Directions for this task: Each record that follows goes into your reply unchanged; the pictures do not.

Recorded data:
════════════════════

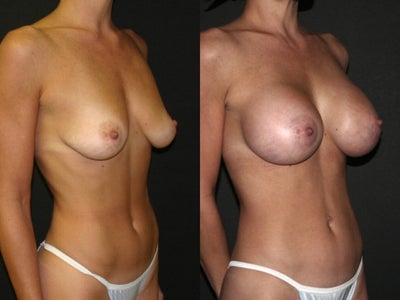 saline breast implants. Breast Implants: Saline Breast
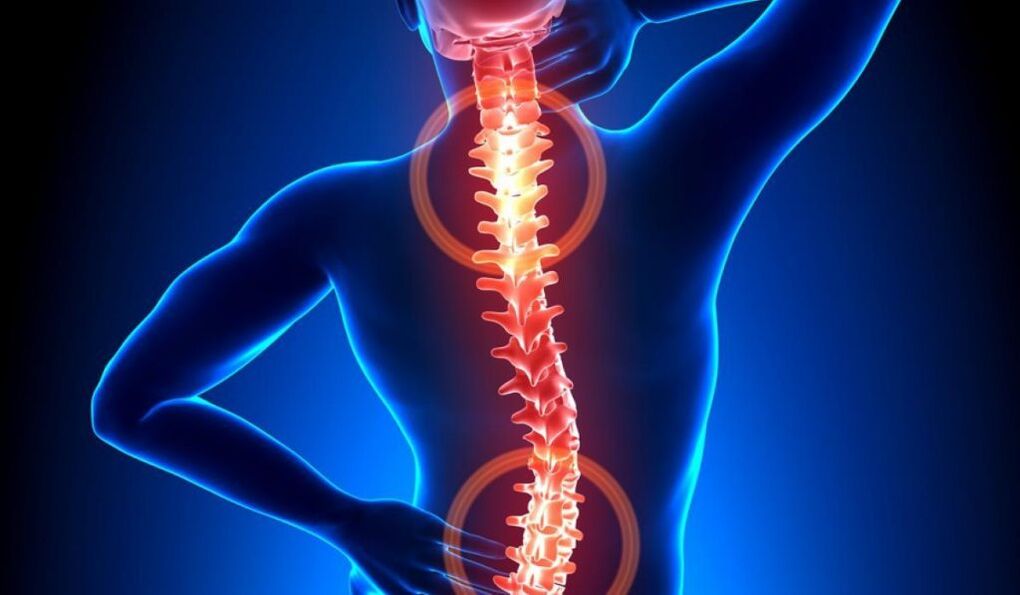 ostéochondrose vertébrale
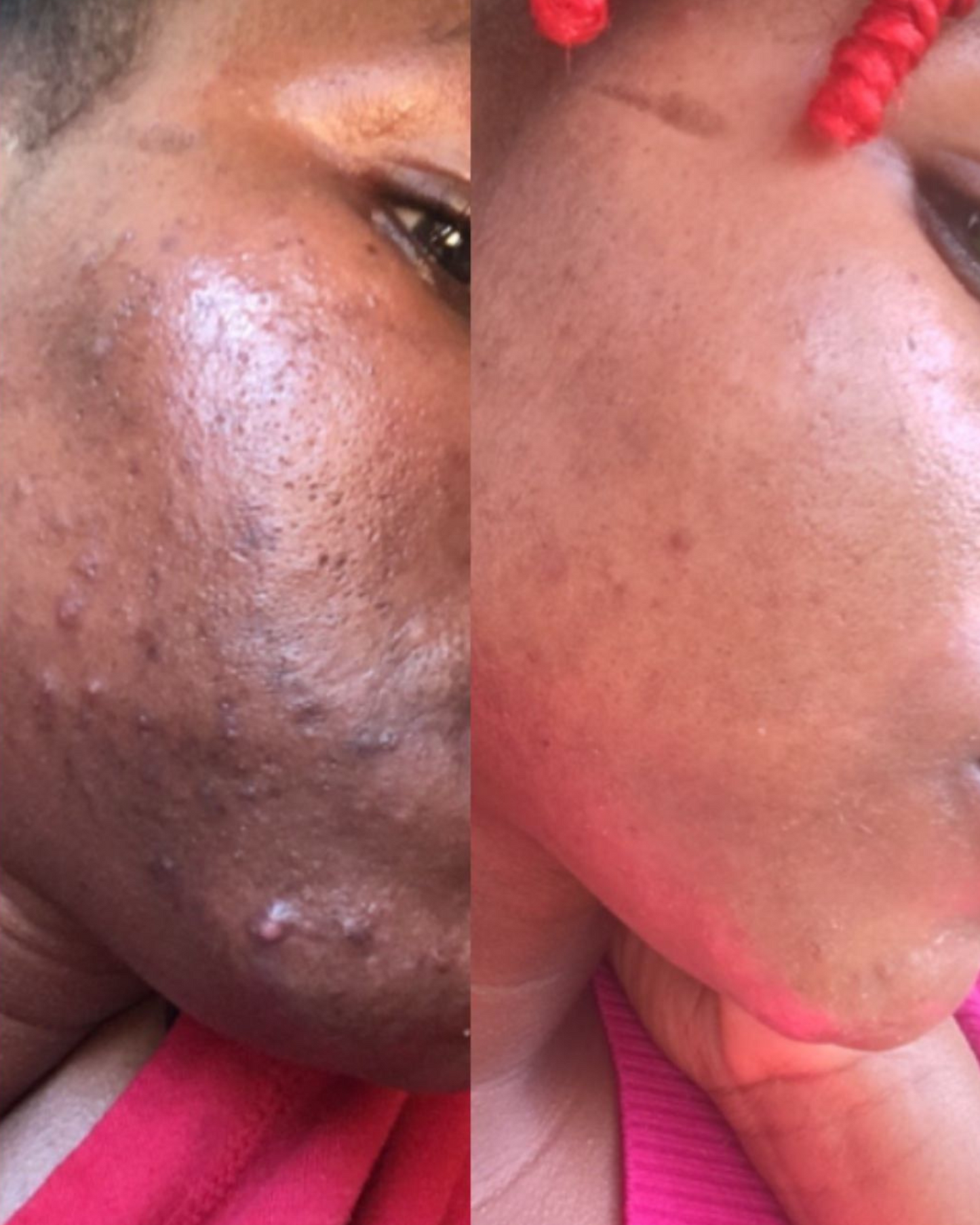 SAVON NOIR ANTI-TACHE Gb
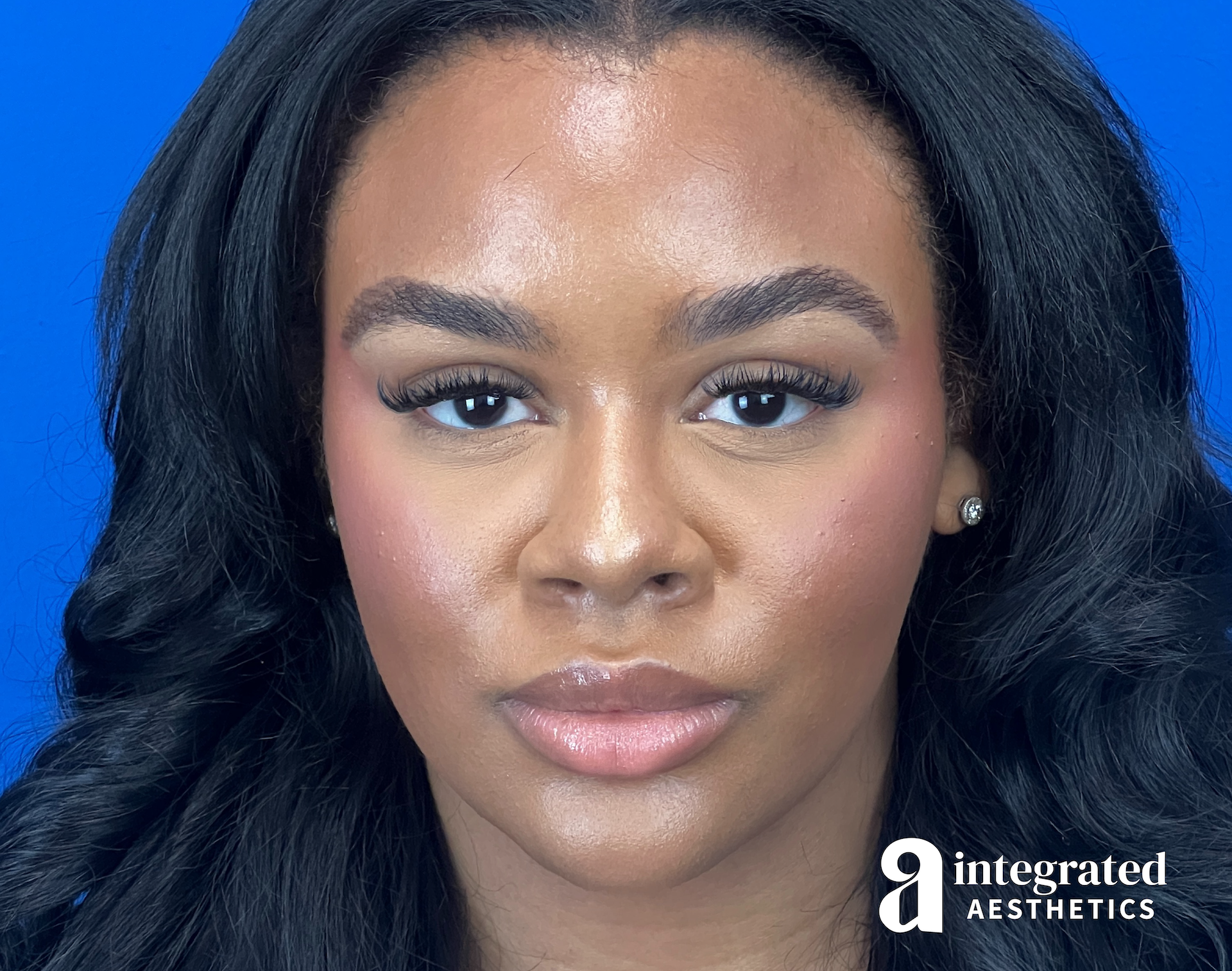 Wrinkle Relaxers Before & After Gallery - Patient 346461 - Image 2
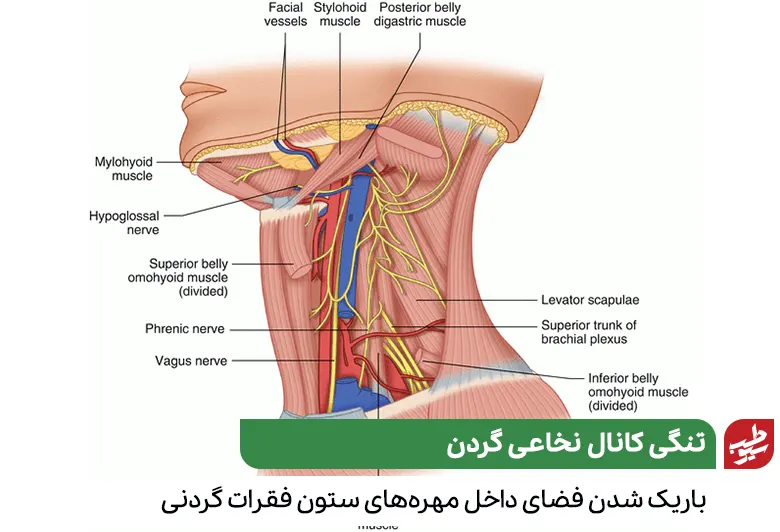 وکتور آناتومی گردن و درمان تنگی کانال نخاعی گردن|سیوطب
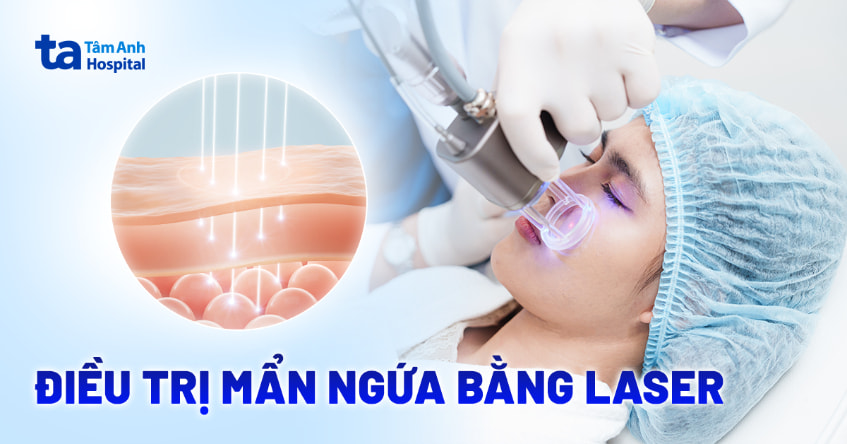 Điều trị mẩn ngứa bằng laser có hiệu quả và an toàn không?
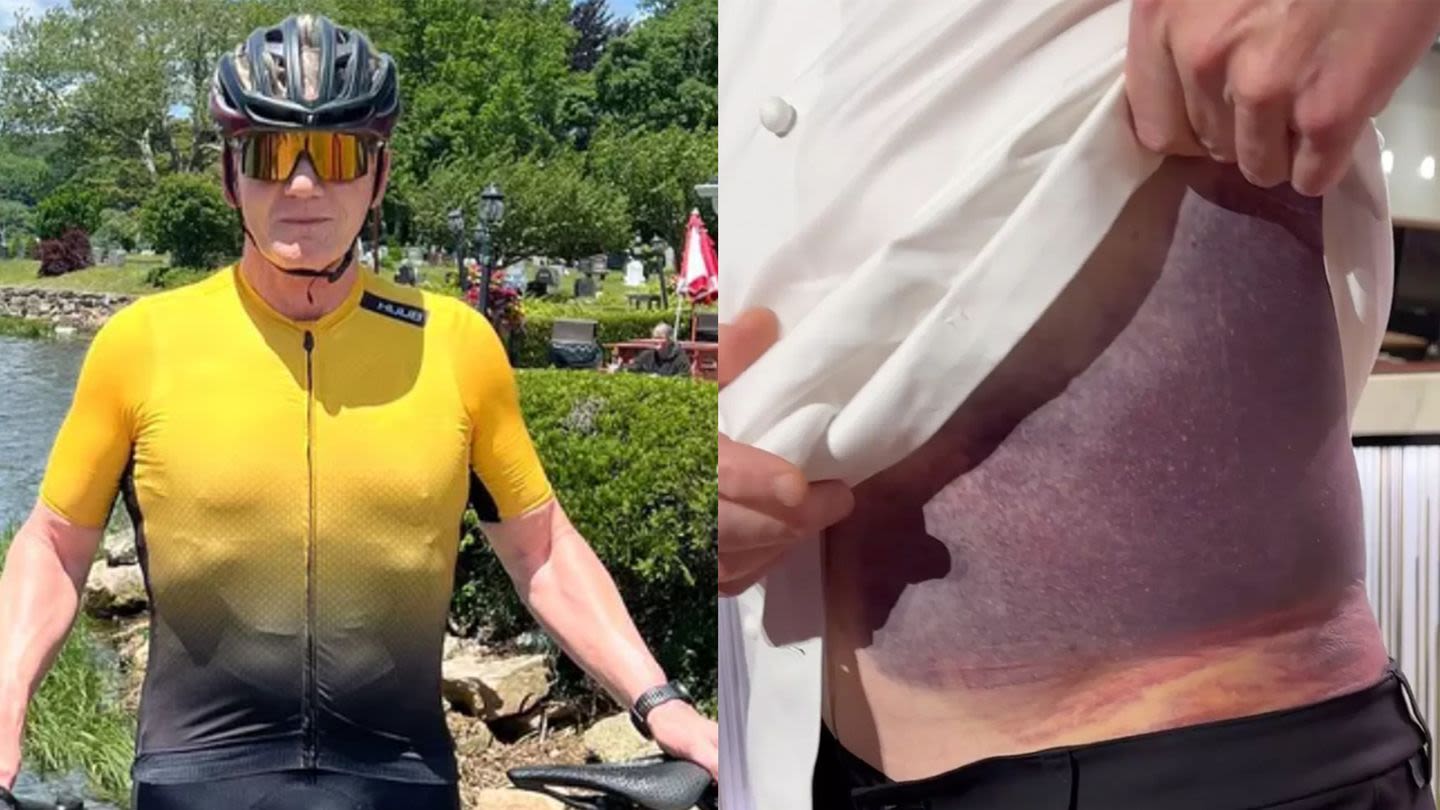 Gordon Ramsay Says He’s Lucky to Be Alive After Terrifying Bike Accident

════════════════════

Exercise solution:
 saline breast implants. Breast Implants: Saline Breast
 ostéochondrose vertébrale
 SAVON NOIR ANTI-TACHE Gb
 Wrinkle Relaxers Before & After Gallery - Patient 346461 - Image 2
 وکتور آناتومی گردن و درمان تنگی کانال نخاعی گردن|سیوطب
 Điều trị mẩn ngứa bằng laser có hiệu quả và an toàn không?
 Gordon Ramsay Says He’s Lucky to Be Alive After Terrifying Bike Accident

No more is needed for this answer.